■ Aim of the task ■
Take the data that sits below and write it out again exactly.

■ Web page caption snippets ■
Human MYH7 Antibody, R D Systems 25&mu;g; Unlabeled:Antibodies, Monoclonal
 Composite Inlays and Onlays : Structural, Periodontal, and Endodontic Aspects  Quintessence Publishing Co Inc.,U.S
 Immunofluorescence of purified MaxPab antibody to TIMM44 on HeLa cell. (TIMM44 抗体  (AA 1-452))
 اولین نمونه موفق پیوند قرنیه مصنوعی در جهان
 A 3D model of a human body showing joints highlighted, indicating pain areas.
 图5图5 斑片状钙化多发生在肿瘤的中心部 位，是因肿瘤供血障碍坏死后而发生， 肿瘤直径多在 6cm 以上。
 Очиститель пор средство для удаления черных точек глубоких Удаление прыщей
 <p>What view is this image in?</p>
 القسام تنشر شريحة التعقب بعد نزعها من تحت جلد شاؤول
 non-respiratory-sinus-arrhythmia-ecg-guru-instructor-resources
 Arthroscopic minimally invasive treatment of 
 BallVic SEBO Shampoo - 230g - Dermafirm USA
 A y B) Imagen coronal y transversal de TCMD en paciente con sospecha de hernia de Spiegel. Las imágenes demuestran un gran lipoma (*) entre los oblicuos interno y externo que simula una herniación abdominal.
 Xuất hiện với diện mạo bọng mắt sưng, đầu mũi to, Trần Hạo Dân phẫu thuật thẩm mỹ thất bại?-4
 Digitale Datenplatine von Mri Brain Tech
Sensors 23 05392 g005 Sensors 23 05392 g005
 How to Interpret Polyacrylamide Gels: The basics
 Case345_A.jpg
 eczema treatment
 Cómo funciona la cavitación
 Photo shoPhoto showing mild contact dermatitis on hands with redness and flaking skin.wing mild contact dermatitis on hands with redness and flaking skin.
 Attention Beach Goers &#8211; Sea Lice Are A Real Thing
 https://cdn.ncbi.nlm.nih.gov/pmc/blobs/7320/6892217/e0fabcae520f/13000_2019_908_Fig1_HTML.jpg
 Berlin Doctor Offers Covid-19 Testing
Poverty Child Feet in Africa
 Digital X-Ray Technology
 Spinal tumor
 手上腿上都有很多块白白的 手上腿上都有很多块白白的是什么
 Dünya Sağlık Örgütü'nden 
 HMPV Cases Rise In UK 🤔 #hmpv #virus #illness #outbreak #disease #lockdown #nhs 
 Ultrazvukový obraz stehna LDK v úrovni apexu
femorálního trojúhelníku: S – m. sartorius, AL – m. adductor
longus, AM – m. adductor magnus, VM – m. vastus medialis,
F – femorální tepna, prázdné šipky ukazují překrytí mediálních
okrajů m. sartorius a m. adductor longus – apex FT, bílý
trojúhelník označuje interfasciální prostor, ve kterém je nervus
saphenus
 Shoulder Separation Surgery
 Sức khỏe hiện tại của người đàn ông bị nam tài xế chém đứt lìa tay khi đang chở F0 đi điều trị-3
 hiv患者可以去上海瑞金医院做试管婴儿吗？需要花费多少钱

■ Answer to this problem ■
Human MYH7 Antibody, R D Systems 25&mu;g; Unlabeled:Antibodies, Monoclonal
 Composite Inlays and Onlays : Structural, Periodontal, and Endodontic Aspects  Quintessence Publishing Co Inc.,U.S
 Immunofluorescence of purified MaxPab antibody to TIMM44 on HeLa cell. (TIMM44 抗体  (AA 1-452))
 اولین نمونه موفق پیوند قرنیه مصنوعی در جهان
 A 3D model of a human body showing joints highlighted, indicating pain areas.
 图5图5 斑片状钙化多发生在肿瘤的中心部 位，是因肿瘤供血障碍坏死后而发生， 肿瘤直径多在 6cm 以上。
 Очиститель пор средство для удаления черных точек глубоких Удаление прыщей
 <p>What view is this image in?</p>
 القسام تنشر شريحة التعقب بعد نزعها من تحت جلد شاؤول
 non-respiratory-sinus-arrhythmia-ecg-guru-instructor-resources
 Arthroscopic minimally invasive treatment of 
 BallVic SEBO Shampoo - 230g - Dermafirm USA
 A y B) Imagen coronal y transversal de TCMD en paciente con sospecha de hernia de Spiegel. Las imágenes demuestran un gran lipoma (*) entre los oblicuos interno y externo que simula una herniación abdominal.
 Xuất hiện với diện mạo bọng mắt sưng, đầu mũi to, Trần Hạo Dân phẫu thuật thẩm mỹ thất bại?-4
 Digitale Datenplatine von Mri Brain Tech
Sensors 23 05392 g005 Sensors 23 05392 g005
 How to Interpret Polyacrylamide Gels: The basics
 Case345_A.jpg
 eczema treatment
 Cómo funciona la cavitación
 Photo shoPhoto showing mild contact dermatitis on hands with redness and flaking skin.wing mild contact dermatitis on hands with redness and flaking skin.
 Attention Beach Goers &#8211; Sea Lice Are A Real Thing
 https://cdn.ncbi.nlm.nih.gov/pmc/blobs/7320/6892217/e0fabcae520f/13000_2019_908_Fig1_HTML.jpg
 Berlin Doctor Offers Covid-19 Testing
Poverty Child Feet in Africa
 Digital X-Ray Technology
 Spinal tumor
 手上腿上都有很多块白白的 手上腿上都有很多块白白的是什么
 Dünya Sağlık Örgütü'nden 
 HMPV Cases Rise In UK 🤔 #hmpv #virus #illness #outbreak #disease #lockdown #nhs 
 Ultrazvukový obraz stehna LDK v úrovni apexu
femorálního trojúhelníku: S – m. sartorius, AL – m. adductor
longus, AM – m. adductor magnus, VM – m. vastus medialis,
F – femorální tepna, prázdné šipky ukazují překrytí mediálních
okrajů m. sartorius a m. adductor longus – apex FT, bílý
trojúhelník označuje interfasciální prostor, ve kterém je nervus
saphenus
 Shoulder Separation Surgery
 Sức khỏe hiện tại của người đàn ông bị nam tài xế chém đứt lìa tay khi đang chở F0 đi điều trị-3
 hiv患者可以去上海瑞金医院做试管婴儿吗？需要花费多少钱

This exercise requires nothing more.